■ **Data segment**:
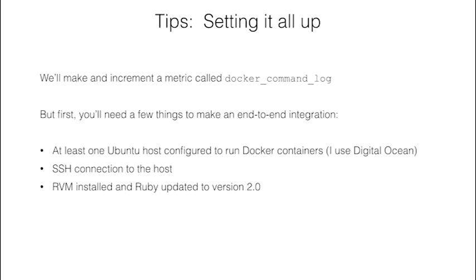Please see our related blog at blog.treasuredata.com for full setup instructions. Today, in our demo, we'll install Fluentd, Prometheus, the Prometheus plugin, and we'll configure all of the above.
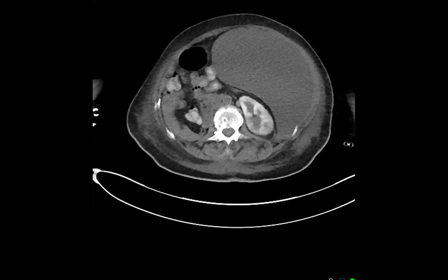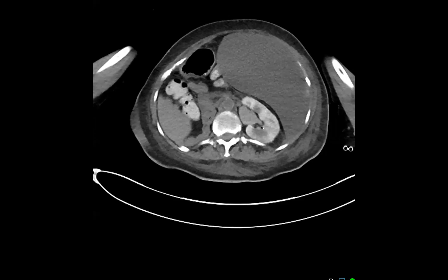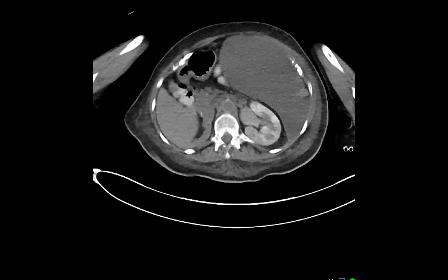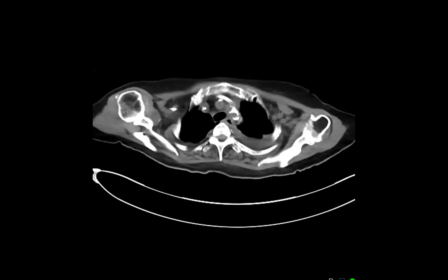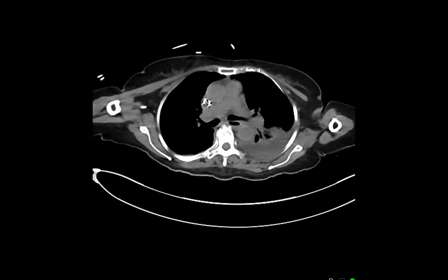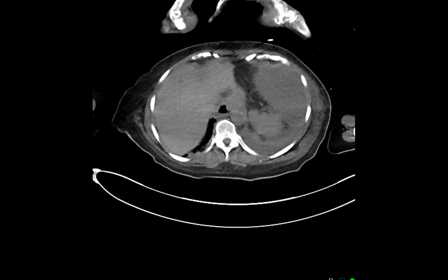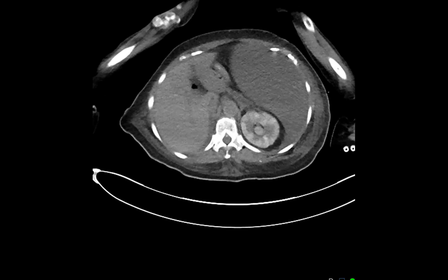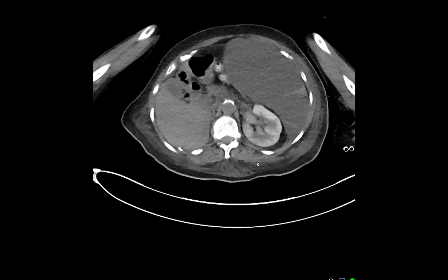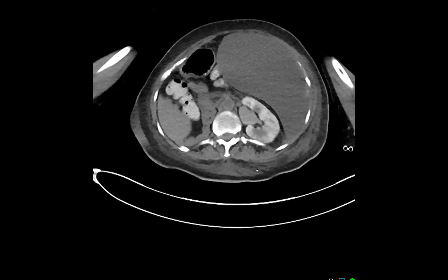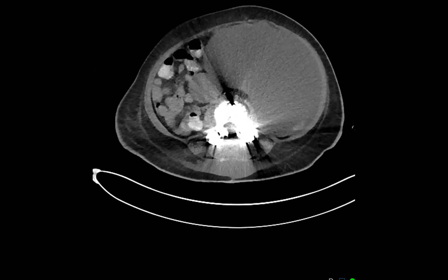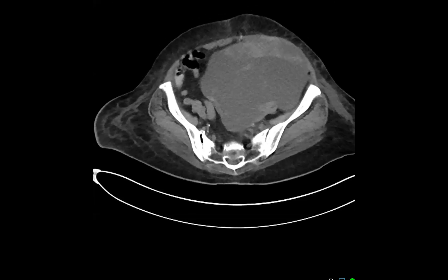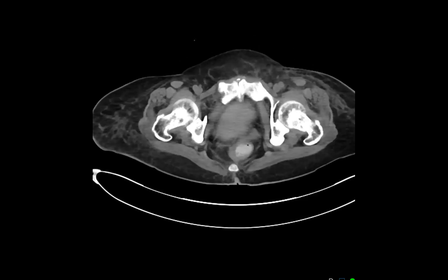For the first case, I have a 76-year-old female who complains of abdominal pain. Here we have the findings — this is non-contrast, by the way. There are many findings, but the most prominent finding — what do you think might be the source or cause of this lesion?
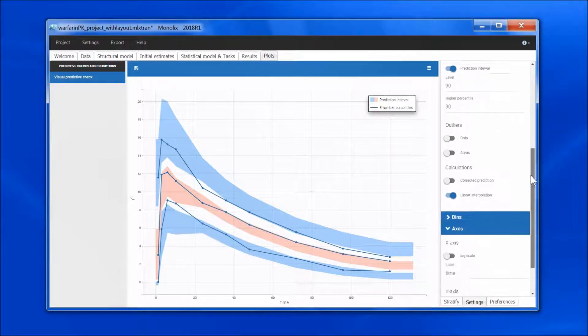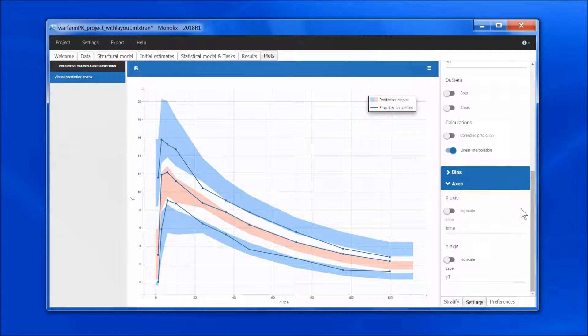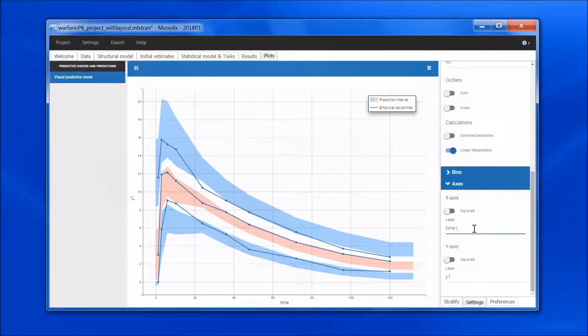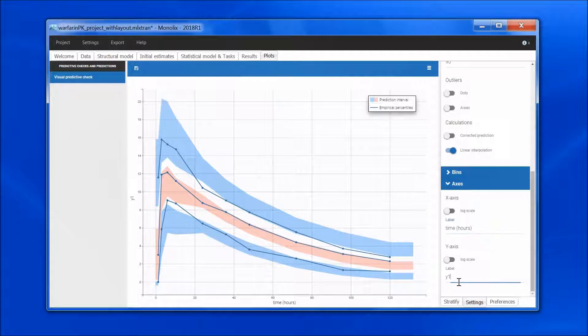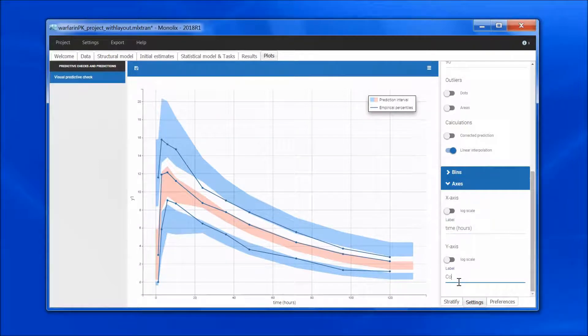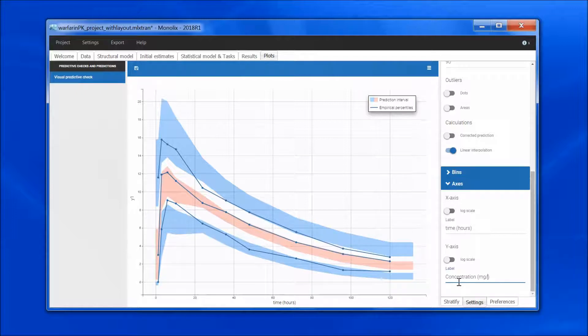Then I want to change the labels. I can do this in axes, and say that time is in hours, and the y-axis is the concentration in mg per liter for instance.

■ **Exercise directions**: Output each line above exactly as it stands, omitting the pictures.

■ **Answer area**:
Please see our related blog at blog.treasuredata.com for full setup instructions. Today, in our demo, we'll install Fluentd, Prometheus, the Prometheus plugin, and we'll configure all of the above.
For the first case, I have a 76-year-old female who complains of abdominal pain. Here we have the findings — this is non-contrast, by the way. There are many findings, but the most prominent finding — what do you think might be the source or cause of this lesion?
Then I want to change the labels. I can do this in axes, and say that time is in hours, and the y-axis is the concentration in mg per liter for instance.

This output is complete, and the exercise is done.